→ WHAT IS EXPECTED
Please repeat the lines below, exactly and only, from the one that holds "Curious Cub Montessori" through the one that holds "Mixing Bowls with".

Saved data entries:
·····
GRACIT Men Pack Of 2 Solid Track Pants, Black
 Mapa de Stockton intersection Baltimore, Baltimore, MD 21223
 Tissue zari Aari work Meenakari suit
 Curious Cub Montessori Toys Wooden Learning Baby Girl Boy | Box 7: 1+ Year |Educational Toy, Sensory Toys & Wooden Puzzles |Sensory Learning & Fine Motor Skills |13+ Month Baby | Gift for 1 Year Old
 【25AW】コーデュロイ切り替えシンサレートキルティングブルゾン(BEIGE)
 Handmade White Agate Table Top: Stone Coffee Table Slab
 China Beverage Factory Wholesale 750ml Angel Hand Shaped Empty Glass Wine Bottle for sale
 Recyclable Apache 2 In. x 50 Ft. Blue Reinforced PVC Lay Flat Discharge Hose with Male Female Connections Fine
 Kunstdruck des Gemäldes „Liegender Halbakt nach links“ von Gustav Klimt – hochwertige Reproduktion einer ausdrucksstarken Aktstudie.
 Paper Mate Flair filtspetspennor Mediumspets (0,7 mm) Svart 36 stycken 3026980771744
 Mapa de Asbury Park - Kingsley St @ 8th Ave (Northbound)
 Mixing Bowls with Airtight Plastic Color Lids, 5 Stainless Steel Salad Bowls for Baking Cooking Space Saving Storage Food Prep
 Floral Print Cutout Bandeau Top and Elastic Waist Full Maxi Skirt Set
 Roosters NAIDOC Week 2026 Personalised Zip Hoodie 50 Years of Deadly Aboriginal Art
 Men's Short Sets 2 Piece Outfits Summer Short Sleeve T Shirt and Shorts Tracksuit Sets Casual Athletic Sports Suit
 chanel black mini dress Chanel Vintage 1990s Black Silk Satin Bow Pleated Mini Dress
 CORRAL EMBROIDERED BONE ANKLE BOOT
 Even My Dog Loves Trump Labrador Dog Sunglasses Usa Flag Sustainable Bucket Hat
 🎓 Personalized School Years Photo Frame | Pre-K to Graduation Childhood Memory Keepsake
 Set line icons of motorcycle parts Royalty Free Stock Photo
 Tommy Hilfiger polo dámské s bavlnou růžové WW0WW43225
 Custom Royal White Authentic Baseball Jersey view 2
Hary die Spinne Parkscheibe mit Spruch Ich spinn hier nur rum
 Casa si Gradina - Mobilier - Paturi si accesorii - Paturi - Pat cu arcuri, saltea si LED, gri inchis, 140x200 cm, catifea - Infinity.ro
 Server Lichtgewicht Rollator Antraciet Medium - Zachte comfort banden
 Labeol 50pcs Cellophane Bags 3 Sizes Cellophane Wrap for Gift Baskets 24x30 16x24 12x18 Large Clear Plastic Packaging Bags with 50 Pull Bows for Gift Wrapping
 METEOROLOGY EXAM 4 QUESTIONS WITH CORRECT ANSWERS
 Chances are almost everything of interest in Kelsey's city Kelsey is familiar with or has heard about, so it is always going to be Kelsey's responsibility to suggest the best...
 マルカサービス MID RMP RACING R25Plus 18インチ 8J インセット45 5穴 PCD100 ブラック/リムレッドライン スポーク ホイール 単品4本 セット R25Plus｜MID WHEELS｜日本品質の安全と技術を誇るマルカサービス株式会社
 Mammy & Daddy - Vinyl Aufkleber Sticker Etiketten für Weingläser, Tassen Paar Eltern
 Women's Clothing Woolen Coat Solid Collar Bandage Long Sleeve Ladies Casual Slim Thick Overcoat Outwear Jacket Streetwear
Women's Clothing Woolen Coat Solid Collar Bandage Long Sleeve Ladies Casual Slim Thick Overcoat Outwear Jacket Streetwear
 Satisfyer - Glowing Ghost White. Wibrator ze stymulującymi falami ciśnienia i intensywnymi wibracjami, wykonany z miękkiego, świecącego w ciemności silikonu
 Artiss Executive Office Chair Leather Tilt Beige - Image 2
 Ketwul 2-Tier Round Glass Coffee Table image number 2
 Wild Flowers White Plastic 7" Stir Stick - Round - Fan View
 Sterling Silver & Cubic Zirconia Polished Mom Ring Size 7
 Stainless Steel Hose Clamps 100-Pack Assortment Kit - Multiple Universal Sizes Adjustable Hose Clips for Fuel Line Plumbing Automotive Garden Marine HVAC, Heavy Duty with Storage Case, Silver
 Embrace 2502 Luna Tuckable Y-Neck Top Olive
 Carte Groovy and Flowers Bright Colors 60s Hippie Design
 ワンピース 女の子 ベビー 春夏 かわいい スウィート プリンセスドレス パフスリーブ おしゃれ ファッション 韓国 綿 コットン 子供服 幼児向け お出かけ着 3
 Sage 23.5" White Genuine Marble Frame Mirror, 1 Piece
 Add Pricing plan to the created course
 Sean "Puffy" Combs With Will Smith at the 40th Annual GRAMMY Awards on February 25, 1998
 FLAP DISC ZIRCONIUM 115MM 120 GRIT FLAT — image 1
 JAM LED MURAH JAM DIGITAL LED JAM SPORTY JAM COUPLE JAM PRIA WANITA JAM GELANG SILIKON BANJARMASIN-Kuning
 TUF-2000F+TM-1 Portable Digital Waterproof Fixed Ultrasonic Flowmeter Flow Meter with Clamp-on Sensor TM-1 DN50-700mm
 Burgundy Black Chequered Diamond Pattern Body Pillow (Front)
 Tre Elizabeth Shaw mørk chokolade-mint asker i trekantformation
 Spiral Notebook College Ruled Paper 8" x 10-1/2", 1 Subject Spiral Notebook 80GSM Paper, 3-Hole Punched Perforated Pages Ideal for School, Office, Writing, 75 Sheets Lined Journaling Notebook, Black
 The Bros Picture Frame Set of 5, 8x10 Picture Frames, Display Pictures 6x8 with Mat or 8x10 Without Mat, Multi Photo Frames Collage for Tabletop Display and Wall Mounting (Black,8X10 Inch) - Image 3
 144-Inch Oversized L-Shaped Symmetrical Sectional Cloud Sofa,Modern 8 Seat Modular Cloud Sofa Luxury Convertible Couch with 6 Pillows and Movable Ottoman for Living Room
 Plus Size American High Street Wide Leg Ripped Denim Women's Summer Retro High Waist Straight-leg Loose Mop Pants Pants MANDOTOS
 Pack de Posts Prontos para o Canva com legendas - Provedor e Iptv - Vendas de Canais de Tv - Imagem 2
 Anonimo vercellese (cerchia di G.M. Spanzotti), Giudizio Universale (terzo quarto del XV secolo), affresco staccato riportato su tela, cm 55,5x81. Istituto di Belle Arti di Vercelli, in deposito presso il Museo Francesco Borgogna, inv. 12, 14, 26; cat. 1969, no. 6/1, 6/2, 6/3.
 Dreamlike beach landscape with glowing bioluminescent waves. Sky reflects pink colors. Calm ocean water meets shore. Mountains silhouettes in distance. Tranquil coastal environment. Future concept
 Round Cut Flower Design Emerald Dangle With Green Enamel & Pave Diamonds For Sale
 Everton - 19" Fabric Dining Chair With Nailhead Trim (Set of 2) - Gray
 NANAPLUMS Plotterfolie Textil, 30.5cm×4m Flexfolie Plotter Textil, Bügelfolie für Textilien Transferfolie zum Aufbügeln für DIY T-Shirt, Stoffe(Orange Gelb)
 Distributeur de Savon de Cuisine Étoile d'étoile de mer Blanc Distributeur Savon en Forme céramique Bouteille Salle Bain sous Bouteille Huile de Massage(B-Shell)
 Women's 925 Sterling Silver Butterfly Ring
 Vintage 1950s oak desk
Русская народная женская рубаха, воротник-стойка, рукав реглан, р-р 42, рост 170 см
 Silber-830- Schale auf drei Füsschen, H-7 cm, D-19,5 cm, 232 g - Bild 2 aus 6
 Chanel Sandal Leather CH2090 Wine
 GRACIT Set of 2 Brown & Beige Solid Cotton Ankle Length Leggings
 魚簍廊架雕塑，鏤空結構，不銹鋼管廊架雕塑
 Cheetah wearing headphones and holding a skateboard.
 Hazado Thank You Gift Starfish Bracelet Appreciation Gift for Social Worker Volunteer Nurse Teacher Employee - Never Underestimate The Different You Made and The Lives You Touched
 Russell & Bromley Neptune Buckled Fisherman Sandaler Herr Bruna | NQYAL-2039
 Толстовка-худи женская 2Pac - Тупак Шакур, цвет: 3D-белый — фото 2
·····
→ RESULT OF THE TASK
 Curious Cub Montessori Toys Wooden Learning Baby Girl Boy | Box 7: 1+ Year |Educational Toy, Sensory Toys & Wooden Puzzles |Sensory Learning & Fine Motor Skills |13+ Month Baby | Gift for 1 Year Old
 【25AW】コーデュロイ切り替えシンサレートキルティングブルゾン(BEIGE)
 Handmade White Agate Table Top: Stone Coffee Table Slab
 China Beverage Factory Wholesale 750ml Angel Hand Shaped Empty Glass Wine Bottle for sale
 Recyclable Apache 2 In. x 50 Ft. Blue Reinforced PVC Lay Flat Discharge Hose with Male Female Connections Fine
 Kunstdruck des Gemäldes „Liegender Halbakt nach links“ von Gustav Klimt – hochwertige Reproduktion einer ausdrucksstarken Aktstudie.
 Paper Mate Flair filtspetspennor Mediumspets (0,7 mm) Svart 36 stycken 3026980771744
 Mapa de Asbury Park - Kingsley St @ 8th Ave (Northbound)
 Mixing Bowls with Airtight Plastic Color Lids, 5 Stainless Steel Salad Bowls for Baking Cooking Space Saving Storage Food Prep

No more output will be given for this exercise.